Exam 2 (Antibiotics) Flashcards
1
Q
- What is a nosocomial infection?
A
Any infection acquired in the hospital
2
Q
- What are the two biggest sources of HAI’s?
A
Surgical site infection & HAI PNE
3
Q
- What are some S/S suggesting a pre-existing infection?
A
- Fever
- chills
- night sweats
- AMS
- productive cough
- SOB
- rebound tenderness
- dysuria
- CVA tenderness
- suprapubic pain
4
Q
- When do surgical site infections present?
A
Within 30 days of surgery
5
Q
- What is involved in a deep incisional SSI?
A
Muscle and surrounding tissues
6
Q
- What is involved in an organ or space SSI?
A
Any area other than skin and muscle
7
Q
- What are the 3 most common types of bacteria?
A
- Staphylococcus
- streptococcus
- pseudomonas
8
Q
- What is a clean-contaminated wound?
A
- No evidence of infection
- do involve internal organ
9
Q
- What is a contaminated wound?
A
Involve internal organ with spillage of contents from the organ
10
Q
- What is a dirty wound type?
A
Known infection at time of surgery
11
Q
- What are some risks for SSI?
A
- Comorbidities
- elderly
- emergency or abdominal surgery
- surgery >2hrs
12
Q
- What is a 1A grading category of studies?
A
Strong recommended, moderate to high-quality evidence
13
Q
- What is a 1B grading category of studies?
A
Strong recommended, low-quality evidence
14
Q
- When are parental Abx administered?
A
With 1B grading category
15
Q
- When are IV Abx not needed?
A
- Wound irrigation,
- Do not apply Abx ointments to incisions (1B)

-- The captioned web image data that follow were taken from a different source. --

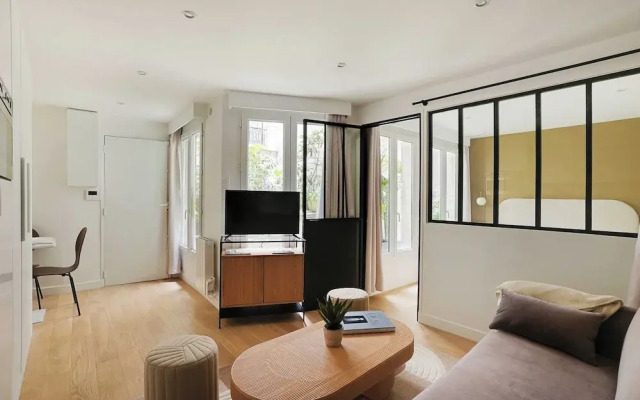 Magnificent Apartment in Les Halles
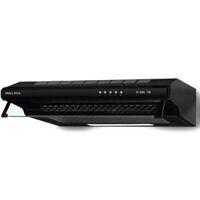 Máy hút khói khử mùi đảo Malloca classic H395.7B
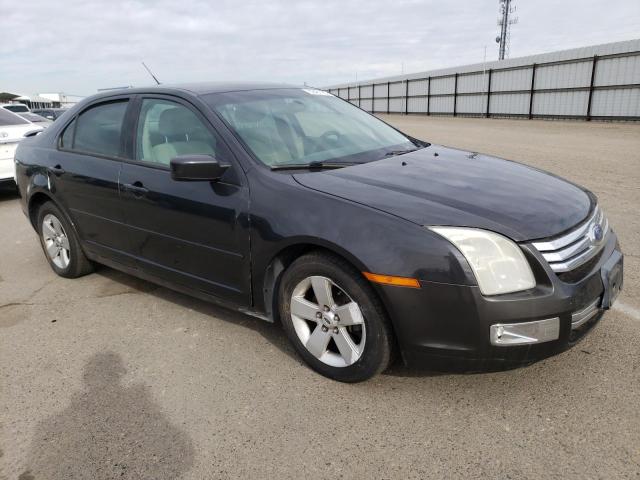 Photo 3 VIN: 3FAHP07167R247648 - FORD FUSION 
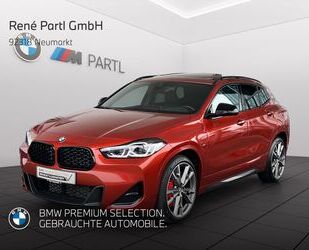 BMW X2 Gebrauchtwagen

- soaking prosthetic devices
16
Q
- Glycemic control is what kind of evidence & what is the target?
A
- 1A
- <200 mg/dL
17
Q
- Intraop iodine irrigation in deep tissue is what kind of evidence?
A
2
18
Q
- What are some general principles for Abx prophylaxis?
A
- Shortest possible course effective (1 dose)
- newer Abx reserved for resistant infections
- if everything equal then oldest and cheapest first
19
Q
- What Abx are initiated within 2hrs of incision?
A
Vancomycin & fluoroquinolones
20
Q
- Which Abx is redosed after coming off bypass & which is not?
A
- Ancef is redosed
- Vanc is not
21
Q
- Which Abx are beta lactams?
A
PCN, cephalosporins & Carbapenems
22
Q
- Which Abx is an Aminoglycoside?
A
Gentamycin
23
Q
- How do penicillin-beta lactams work?
A
Inhibit bacterial cell wall synthesis
24
Q
- PCN’s are the drug of choice for?
A
- Streptococci
- meningococci
- pneumococci
25
Q
- PCN Beta lactams are usually used for what kind of infections?
A
Skin, catheter infections & URI’s
26
Q
- What are some adverse reactions to beta lactams?
A
- Skin rash
- GI upset
- vaginal candidiasis
27
Q
- Can cephalosporins be used on patients with a PCN allergy?